[Opening Input data section]

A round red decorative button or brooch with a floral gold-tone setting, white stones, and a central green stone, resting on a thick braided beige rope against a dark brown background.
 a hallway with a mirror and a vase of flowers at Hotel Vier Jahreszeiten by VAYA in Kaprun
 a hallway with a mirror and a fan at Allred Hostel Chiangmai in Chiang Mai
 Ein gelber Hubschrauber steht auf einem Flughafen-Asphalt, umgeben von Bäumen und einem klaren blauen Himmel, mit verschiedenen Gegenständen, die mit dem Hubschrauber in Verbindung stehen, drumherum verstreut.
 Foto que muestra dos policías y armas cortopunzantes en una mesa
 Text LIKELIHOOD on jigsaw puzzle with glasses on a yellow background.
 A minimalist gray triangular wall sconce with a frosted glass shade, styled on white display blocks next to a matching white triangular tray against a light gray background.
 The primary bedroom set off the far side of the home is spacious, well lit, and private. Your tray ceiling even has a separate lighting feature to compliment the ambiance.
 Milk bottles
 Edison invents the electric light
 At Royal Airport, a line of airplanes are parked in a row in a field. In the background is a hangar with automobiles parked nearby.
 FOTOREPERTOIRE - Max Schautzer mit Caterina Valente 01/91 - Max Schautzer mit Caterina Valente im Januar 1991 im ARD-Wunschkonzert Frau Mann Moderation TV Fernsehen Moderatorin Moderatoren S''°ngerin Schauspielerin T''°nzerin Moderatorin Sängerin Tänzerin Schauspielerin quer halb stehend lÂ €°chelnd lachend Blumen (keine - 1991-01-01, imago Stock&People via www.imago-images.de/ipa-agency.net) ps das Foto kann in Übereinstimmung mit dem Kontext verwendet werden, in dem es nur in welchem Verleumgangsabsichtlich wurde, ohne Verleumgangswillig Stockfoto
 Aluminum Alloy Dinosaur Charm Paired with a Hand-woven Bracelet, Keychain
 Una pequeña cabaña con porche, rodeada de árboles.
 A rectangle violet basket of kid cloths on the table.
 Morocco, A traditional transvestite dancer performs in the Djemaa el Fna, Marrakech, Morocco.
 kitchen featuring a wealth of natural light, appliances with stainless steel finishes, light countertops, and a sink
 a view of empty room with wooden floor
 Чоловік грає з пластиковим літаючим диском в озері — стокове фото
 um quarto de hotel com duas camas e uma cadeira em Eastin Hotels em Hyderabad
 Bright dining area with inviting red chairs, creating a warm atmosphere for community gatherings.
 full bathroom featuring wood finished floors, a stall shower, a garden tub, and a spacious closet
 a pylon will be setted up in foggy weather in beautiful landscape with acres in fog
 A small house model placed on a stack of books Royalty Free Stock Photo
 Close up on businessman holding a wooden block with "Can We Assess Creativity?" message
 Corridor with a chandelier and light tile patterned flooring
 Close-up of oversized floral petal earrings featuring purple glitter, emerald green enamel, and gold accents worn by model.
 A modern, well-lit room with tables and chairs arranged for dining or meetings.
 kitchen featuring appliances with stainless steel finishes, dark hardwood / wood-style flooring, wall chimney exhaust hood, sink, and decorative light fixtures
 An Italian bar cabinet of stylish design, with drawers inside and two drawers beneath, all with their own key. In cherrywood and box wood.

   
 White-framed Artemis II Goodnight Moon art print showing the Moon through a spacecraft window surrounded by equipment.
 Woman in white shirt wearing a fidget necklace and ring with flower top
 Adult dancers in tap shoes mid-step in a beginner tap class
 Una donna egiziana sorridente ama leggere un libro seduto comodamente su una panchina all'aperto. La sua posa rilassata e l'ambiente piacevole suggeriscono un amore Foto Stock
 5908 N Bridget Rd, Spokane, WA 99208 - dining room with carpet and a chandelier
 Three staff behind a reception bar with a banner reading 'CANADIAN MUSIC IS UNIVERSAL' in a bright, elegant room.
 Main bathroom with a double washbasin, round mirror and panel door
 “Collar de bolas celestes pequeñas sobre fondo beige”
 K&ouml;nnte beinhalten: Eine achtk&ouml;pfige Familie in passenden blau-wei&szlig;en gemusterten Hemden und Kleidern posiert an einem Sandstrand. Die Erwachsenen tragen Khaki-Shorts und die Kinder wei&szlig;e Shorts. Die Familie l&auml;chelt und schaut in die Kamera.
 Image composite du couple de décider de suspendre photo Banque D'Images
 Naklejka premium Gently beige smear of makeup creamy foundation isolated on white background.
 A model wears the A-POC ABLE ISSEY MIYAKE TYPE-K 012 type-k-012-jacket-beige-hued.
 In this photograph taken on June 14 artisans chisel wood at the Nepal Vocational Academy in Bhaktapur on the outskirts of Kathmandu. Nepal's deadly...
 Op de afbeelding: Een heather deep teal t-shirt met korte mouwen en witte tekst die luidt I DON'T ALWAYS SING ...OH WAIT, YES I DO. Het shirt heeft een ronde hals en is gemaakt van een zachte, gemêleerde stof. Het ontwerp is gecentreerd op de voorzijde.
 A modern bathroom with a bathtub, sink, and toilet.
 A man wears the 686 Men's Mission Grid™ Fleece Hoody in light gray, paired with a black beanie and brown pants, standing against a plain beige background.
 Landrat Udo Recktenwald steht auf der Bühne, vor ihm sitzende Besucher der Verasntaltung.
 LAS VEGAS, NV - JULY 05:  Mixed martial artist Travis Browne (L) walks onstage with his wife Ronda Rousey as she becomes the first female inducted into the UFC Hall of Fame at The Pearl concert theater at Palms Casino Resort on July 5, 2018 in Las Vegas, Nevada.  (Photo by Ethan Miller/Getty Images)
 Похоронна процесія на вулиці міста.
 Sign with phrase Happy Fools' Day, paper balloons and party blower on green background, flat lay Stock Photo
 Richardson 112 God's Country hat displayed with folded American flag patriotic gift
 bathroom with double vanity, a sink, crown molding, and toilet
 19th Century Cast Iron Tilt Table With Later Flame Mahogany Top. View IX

[Closing Input data section]

**What the task asks**
Repeat the data. Every word must match.

**Exercise result**
A round red decorative button or brooch with a floral gold-tone setting, white stones, and a central green stone, resting on a thick braided beige rope against a dark brown background.
 a hallway with a mirror and a vase of flowers at Hotel Vier Jahreszeiten by VAYA in Kaprun
 a hallway with a mirror and a fan at Allred Hostel Chiangmai in Chiang Mai
 Ein gelber Hubschrauber steht auf einem Flughafen-Asphalt, umgeben von Bäumen und einem klaren blauen Himmel, mit verschiedenen Gegenständen, die mit dem Hubschrauber in Verbindung stehen, drumherum verstreut.
 Foto que muestra dos policías y armas cortopunzantes en una mesa
 Text LIKELIHOOD on jigsaw puzzle with glasses on a yellow background.
 A minimalist gray triangular wall sconce with a frosted glass shade, styled on white display blocks next to a matching white triangular tray against a light gray background.
 The primary bedroom set off the far side of the home is spacious, well lit, and private. Your tray ceiling even has a separate lighting feature to compliment the ambiance.
 Milk bottles
 Edison invents the electric light
 At Royal Airport, a line of airplanes are parked in a row in a field. In the background is a hangar with automobiles parked nearby.
 FOTOREPERTOIRE - Max Schautzer mit Caterina Valente 01/91 - Max Schautzer mit Caterina Valente im Januar 1991 im ARD-Wunschkonzert Frau Mann Moderation TV Fernsehen Moderatorin Moderatoren S''°ngerin Schauspielerin T''°nzerin Moderatorin Sängerin Tänzerin Schauspielerin quer halb stehend lÂ €°chelnd lachend Blumen (keine - 1991-01-01, imago Stock&People via www.imago-images.de/ipa-agency.net) ps das Foto kann in Übereinstimmung mit dem Kontext verwendet werden, in dem es nur in welchem Verleumgangsabsichtlich wurde, ohne Verleumgangswillig Stockfoto
 Aluminum Alloy Dinosaur Charm Paired with a Hand-woven Bracelet, Keychain
 Una pequeña cabaña con porche, rodeada de árboles.
 A rectangle violet basket of kid cloths on the table.
 Morocco, A traditional transvestite dancer performs in the Djemaa el Fna, Marrakech, Morocco.
 kitchen featuring a wealth of natural light, appliances with stainless steel finishes, light countertops, and a sink
 a view of empty room with wooden floor
 Чоловік грає з пластиковим літаючим диском в озері — стокове фото
 um quarto de hotel com duas camas e uma cadeira em Eastin Hotels em Hyderabad
 Bright dining area with inviting red chairs, creating a warm atmosphere for community gatherings.
 full bathroom featuring wood finished floors, a stall shower, a garden tub, and a spacious closet
 a pylon will be setted up in foggy weather in beautiful landscape with acres in fog
 A small house model placed on a stack of books Royalty Free Stock Photo
 Close up on businessman holding a wooden block with "Can We Assess Creativity?" message
 Corridor with a chandelier and light tile patterned flooring
 Close-up of oversized floral petal earrings featuring purple glitter, emerald green enamel, and gold accents worn by model.
 A modern, well-lit room with tables and chairs arranged for dining or meetings.
 kitchen featuring appliances with stainless steel finishes, dark hardwood / wood-style flooring, wall chimney exhaust hood, sink, and decorative light fixtures
 An Italian bar cabinet of stylish design, with drawers inside and two drawers beneath, all with their own key. In cherrywood and box wood.

   
 White-framed Artemis II Goodnight Moon art print showing the Moon through a spacecraft window surrounded by equipment.
 Woman in white shirt wearing a fidget necklace and ring with flower top
 Adult dancers in tap shoes mid-step in a beginner tap class
 Una donna egiziana sorridente ama leggere un libro seduto comodamente su una panchina all'aperto. La sua posa rilassata e l'ambiente piacevole suggeriscono un amore Foto Stock
 5908 N Bridget Rd, Spokane, WA 99208 - dining room with carpet and a chandelier
 Three staff behind a reception bar with a banner reading 'CANADIAN MUSIC IS UNIVERSAL' in a bright, elegant room.
 Main bathroom with a double washbasin, round mirror and panel door
 “Collar de bolas celestes pequeñas sobre fondo beige”
 K&ouml;nnte beinhalten: Eine achtk&ouml;pfige Familie in passenden blau-wei&szlig;en gemusterten Hemden und Kleidern posiert an einem Sandstrand. Die Erwachsenen tragen Khaki-Shorts und die Kinder wei&szlig;e Shorts. Die Familie l&auml;chelt und schaut in die Kamera.
 Image composite du couple de décider de suspendre photo Banque D'Images
 Naklejka premium Gently beige smear of makeup creamy foundation isolated on white background.
 A model wears the A-POC ABLE ISSEY MIYAKE TYPE-K 012 type-k-012-jacket-beige-hued.
 In this photograph taken on June 14 artisans chisel wood at the Nepal Vocational Academy in Bhaktapur on the outskirts of Kathmandu. Nepal's deadly...
 Op de afbeelding: Een heather deep teal t-shirt met korte mouwen en witte tekst die luidt I DON'T ALWAYS SING ...OH WAIT, YES I DO. Het shirt heeft een ronde hals en is gemaakt van een zachte, gemêleerde stof. Het ontwerp is gecentreerd op de voorzijde.
 A modern bathroom with a bathtub, sink, and toilet.
 A man wears the 686 Men's Mission Grid™ Fleece Hoody in light gray, paired with a black beanie and brown pants, standing against a plain beige background.
 Landrat Udo Recktenwald steht auf der Bühne, vor ihm sitzende Besucher der Verasntaltung.
 LAS VEGAS, NV - JULY 05:  Mixed martial artist Travis Browne (L) walks onstage with his wife Ronda Rousey as she becomes the first female inducted into the UFC Hall of Fame at The Pearl concert theater at Palms Casino Resort on July 5, 2018 in Las Vegas, Nevada.  (Photo by Ethan Miller/Getty Images)
 Похоронна процесія на вулиці міста.
 Sign with phrase Happy Fools' Day, paper balloons and party blower on green background, flat lay Stock Photo
 Richardson 112 God's Country hat displayed with folded American flag patriotic gift
 bathroom with double vanity, a sink, crown molding, and toilet
 19th Century Cast Iron Tilt Table With Later Flame Mahogany Top. View IX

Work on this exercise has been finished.